There's a certain myopia in breaking into Buckingham Palace just to steal the pots and pans from the kitchen. It may make the heist cost-effective, but isn't it rather missing the point?

Likewise have the Brothers Strause failed once again to understand what it is about 'stealing' that makes Tarantino, Romero and numerous other Hollywood luminaries so brilliant at it in comparison to the ham-fisted larceny on display in Aliens Vs. Predator: Requiem (2008) and Skyline.

The mind more than boggles at the level of directorial insensitivity that's able to take themes, imagery and scenarios from the likes of Night Of The Living Dead, Cloverfield, The Matrix, District 9, War Of The Worlds and Independence Day and turn it all into an inadequately funded version of Entourage Meets 'V'.

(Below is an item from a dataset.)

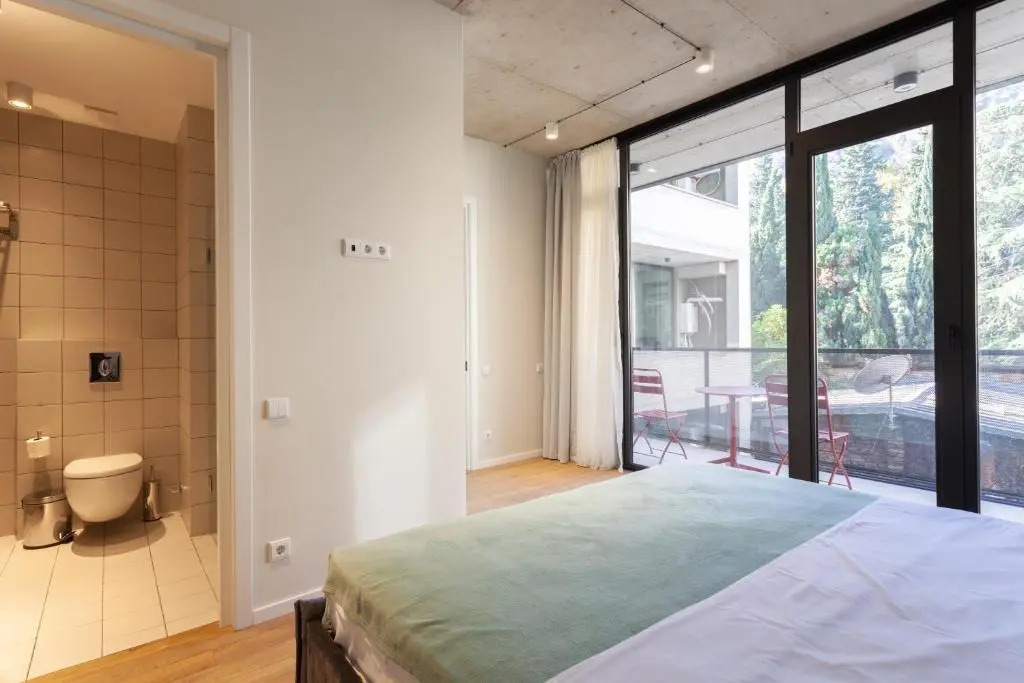 Spacious 3 BedroomR and 2 balcony Apartment in the city center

Elaine (Scottie Thompson) and Jarrod (Eric Balfour) are pregnant, though Jarrod doesn't know it as he whisks his girlfriend to the L.A. birthday celebrations of his best friend Terry (Donald Faison). Little do they know - -

Oh I can't. I just can't. Why should I put more effort into detailing the plot than writers Joshua Cordes and Liam O'Donnell did into stewing it up from old stock without adding any tantalising new ingredients?

A bunch of pretty young people you won't care one whit about find themselves holed up in a dismally generic L.A. high-rise whilst alien invaders take over the planet around them by landing a series of spooky light-bombs that zombify humans and make them walk into the Matrix-style meat-scoops that descend from CGI ships resembling cast-offs from Deep Space 9.

The Brothers Strause can do loads of their own visual effects to make the trailers look epic, but even they can't fill an entire movie with so-so CGI on the meagre budget that Skyline seems to have. Therefore once you've bought your ticket, you'll find yourself mostly holed-up with this charmless bunch of youngsters as they bicker boringly and endlessly until you're praying for the alien invaders to scoop up what few brains they have and try to get some scant nourishment out of them.

David Zayas turns up a bit later to no particular effect as the building's concierge, but by this time Dexter fans will be on their knees in gratitude that someone is appearing in this movie that they might be able to care about. It is, sadly, a forlorn hope.

The talk goes on, the bickering goes on, and the 1999-era CGI continues to zip in and out as the alien craft hover around and send flying jellyfish with vagina-like mouths out to suck brains from recalcitrant humans trying to avoid being harvested.

Our heroes try to get out of the building but are stopped by the limited budget, and finally this horrendous mess of a film goes for the old double-ending, starting off with a stab at Titanic and finishing with an equally ineffective stab at District 9. The end credits roll to the ear-scratching cacophony of horrible thrash-metal music, and you leave, wondering why you ever gave the Strauses another chance after the debacle of AVP: Requiem. Then you think of how David Fincher was screwed by Fox on Alien 3, and how he redeemed himself from that problem-bestrewn movie time and time again in the years that followed. That's why you wanted to believe. That, and the fact that District 9 proved to be such a genial and interesting movie despite bearing the same inconography as Independence Day and now, Skyline.

I have not given any review a 1-star rating in years, but since I actually paid to see this movie, all bets are off. This is the worst outing, alien-invasion or otherwise, that I have seen in a cinema since Dreamcatcher in 2002. There are no future Finchers in the Strause family as far as I can tell; just a hollow and raw ability to loosen a producer's check-book by name-checking movies that the brothers have inadequate talent to imitate.

1 star

Skyline is on general release in the UK.